TASK INSTRUCTIONS |
Restate, in full and unchanged, the entries that follow, but not their pictures.

Dataset entries
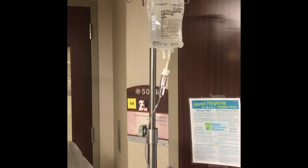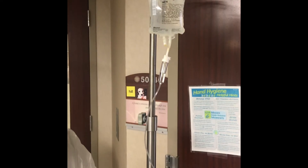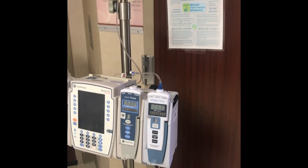This is our setup for how to maintain and manage a patient while outside of the patient's room. Here's our IV pole with our pumps hooked up to the regular IV tubing just like we're supposed to.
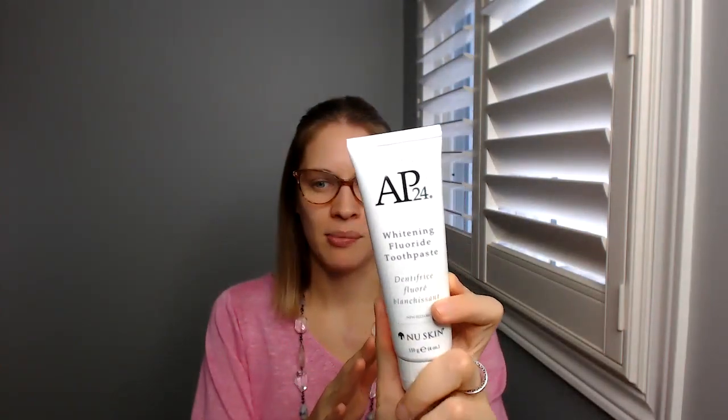I looked into it a little more, and everything I thought about direct sales is wrong with this company. Anybody who sells it does not get paid to have people sign up under their team. They do not have to order or sell a certain amount every single month to make a commission. Every tube of toothpaste they sell, they make about $10 a tube — that's as simple as it gets. They do not have to have home parties or pressure their friends, family, and coworkers to buy.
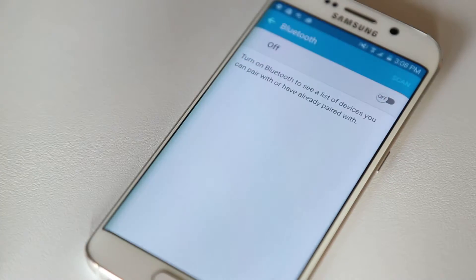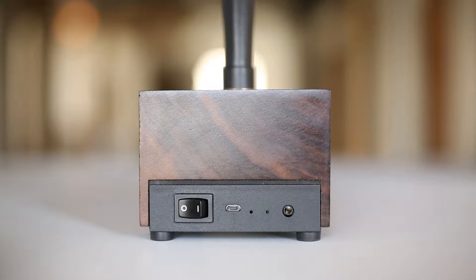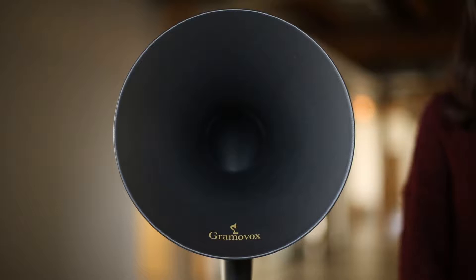In your settings app, turn Bluetooth on. Turn your Bluetooth gramophone on by flipping the switch on the back of the wood base. You will hear this tone when the gramophone is on.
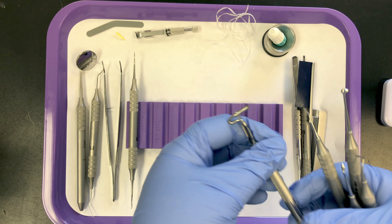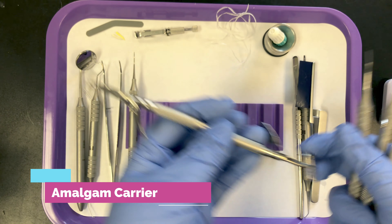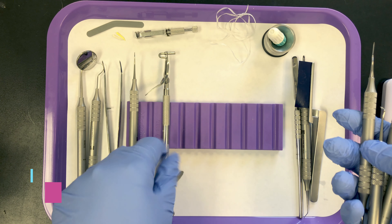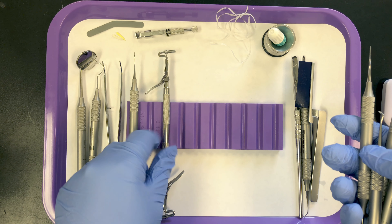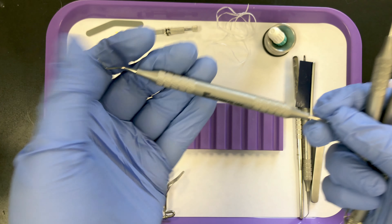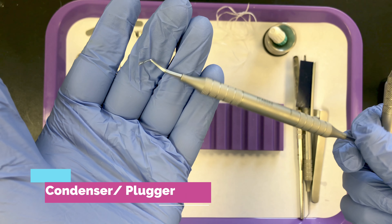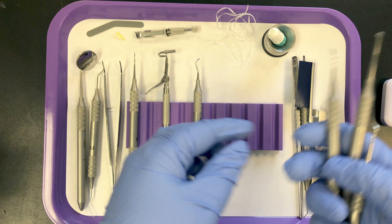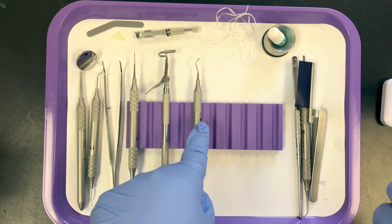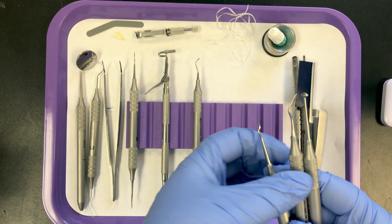Then we have our restorative instruments. Next, we have the amalgam carrier, which carries the amalgam to the preparation. We're responsible for filling this with amalgam and passing it to the doctor. Once the material is in the preparation, the doctor needs the condenser to pack or condense the amalgam into the preparation. During the procedure it's back and forth — carrier, condenser, carrier, condenser — until the filling is in place. The doctor overfills the preparation.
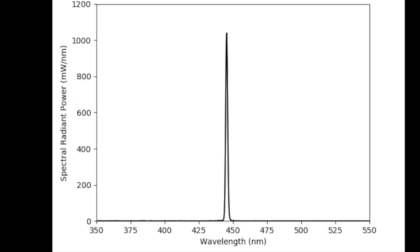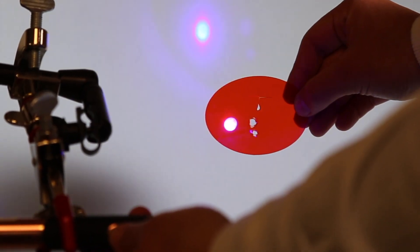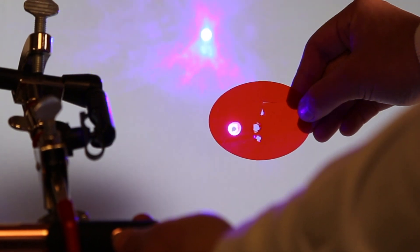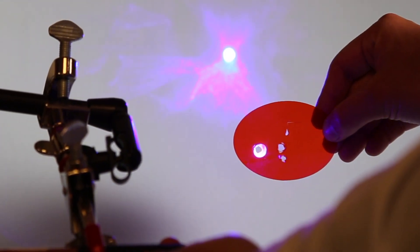A simple demonstration such as this can show you the power from this particular curing light. Here we have a cure through shield and we're just doing multiple one-second exposures onto the shield.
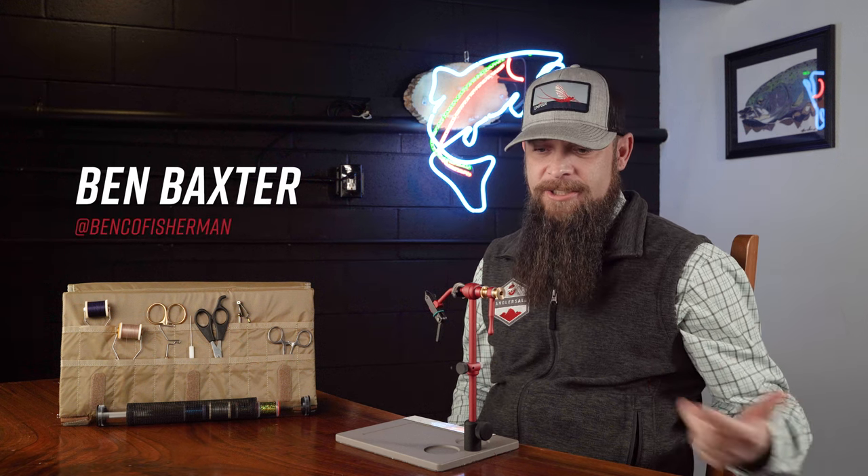Hey, Ben Baxter here, back in the Angler's All-Fly Tie-In Studio with Thai Craft Desks, Renzetti Vices, and Umpqua Flies. Today we're going to tie up the signature Umpqua pattern, Baxter's Bearded Betis.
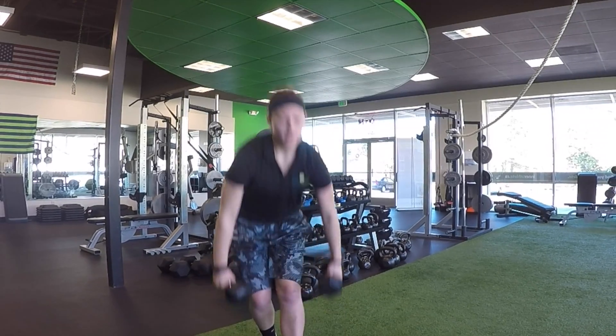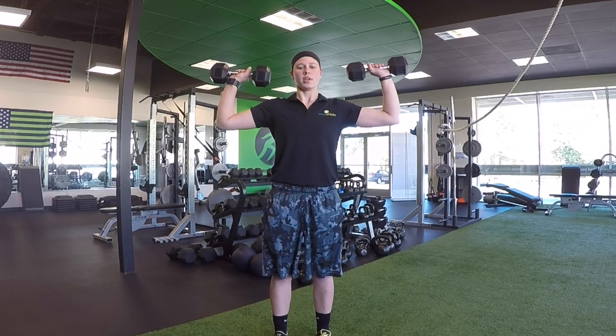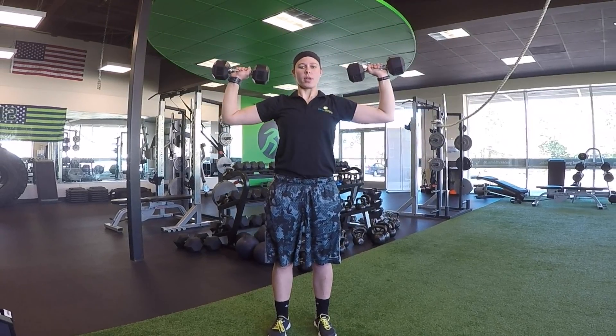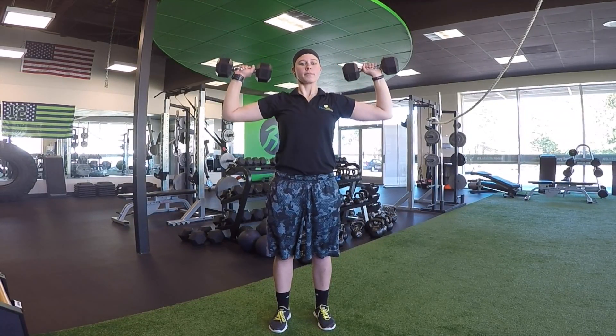To get started, my starting position is going to have my arms parallel with the ground. From here I'm going to press up overhead and then bring the weight down to starting position. Once again pressing up and then back down.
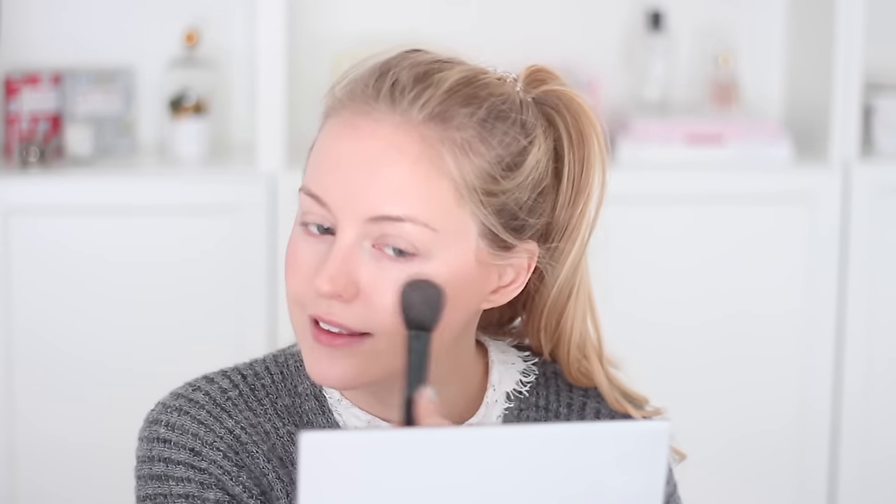I'm gonna move on to blush and I have a new blush from a brand I've never tried before — Jane Iredale. I think that's how you pronounce it. It doesn't have a name on the compact, but I think it's a refill so I'll put the name in the description box. I'm gonna use my favorite blush brush — it's a very old CK makeup brush I got in Hong Kong back in 2008, and it's still my favorite after eight years. I'm swirling all the colors together and applying it on the apple of my cheeks.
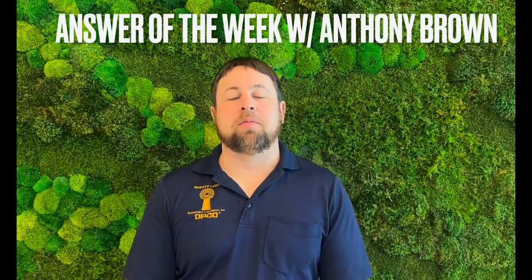My name is Anthony Brown. I'm the Vice President of Mighty Lube and Opco. I'm here today to answer the weekly question from Michaela. That question regarded your cat chain and if you should ever put grease on it. The answer is no. And a shout out to John and Chad for answering that correctly.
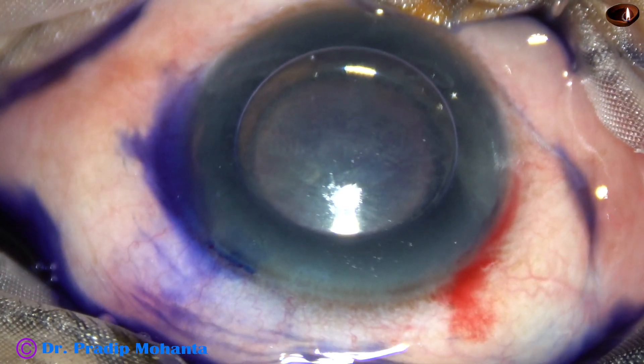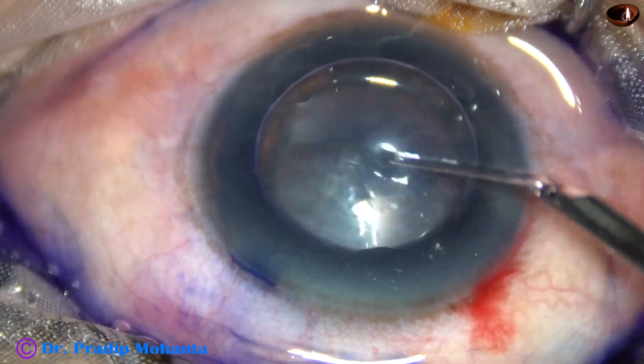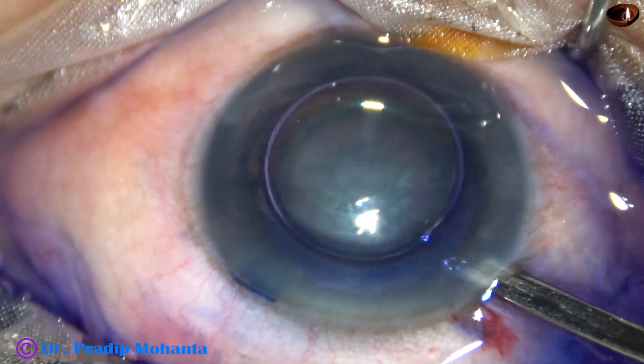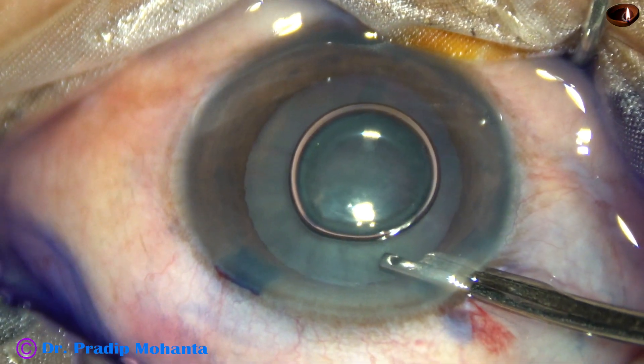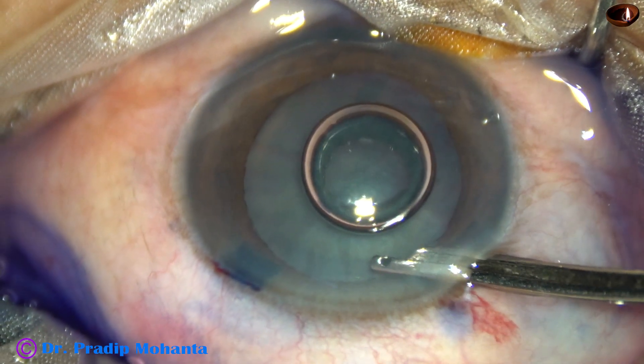The dye is then washed out with BSS for about 10 seconds.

OUTPUT OF THE TASK |
This is our setup for how to maintain and manage a patient while outside of the patient's room. Here's our IV pole with our pumps hooked up to the regular IV tubing just like we're supposed to.
I looked into it a little more, and everything I thought about direct sales is wrong with this company. Anybody who sells it does not get paid to have people sign up under their team. They do not have to order or sell a certain amount every single month to make a commission. Every tube of toothpaste they sell, they make about $10 a tube — that's as simple as it gets. They do not have to have home parties or pressure their friends, family, and coworkers to buy.
In your settings app, turn Bluetooth on. Turn your Bluetooth gramophone on by flipping the switch on the back of the wood base. You will hear this tone when the gramophone is on.
Then we have our restorative instruments. Next, we have the amalgam carrier, which carries the amalgam to the preparation. We're responsible for filling this with amalgam and passing it to the doctor. Once the material is in the preparation, the doctor needs the condenser to pack or condense the amalgam into the preparation. During the procedure it's back and forth — carrier, condenser, carrier, condenser — until the filling is in place. The doctor overfills the preparation.
A simple demonstration such as this can show you the power from this particular curing light. Here we have a cure through shield and we're just doing multiple one-second exposures onto the shield.
Hey, Ben Baxter here, back in the Angler's All-Fly Tie-In Studio with Thai Craft Desks, Renzetti Vices, and Umpqua Flies. Today we're going to tie up the signature Umpqua pattern, Baxter's Bearded Betis.
To get started, my starting position is going to have my arms parallel with the ground. From here I'm going to press up overhead and then bring the weight down to starting position. Once again pressing up and then back down.
I'm gonna move on to blush and I have a new blush from a brand I've never tried before — Jane Iredale. I think that's how you pronounce it. It doesn't have a name on the compact, but I think it's a refill so I'll put the name in the description box. I'm gonna use my favorite blush brush — it's a very old CK makeup brush I got in Hong Kong back in 2008, and it's still my favorite after eight years. I'm swirling all the colors together and applying it on the apple of my cheeks.
My name is Anthony Brown. I'm the Vice President of Mighty Lube and Opco. I'm here today to answer the weekly question from Michaela. That question regarded your cat chain and if you should ever put grease on it. The answer is no. And a shout out to John and Chad for answering that correctly.
The dye is then washed out with BSS for about 10 seconds.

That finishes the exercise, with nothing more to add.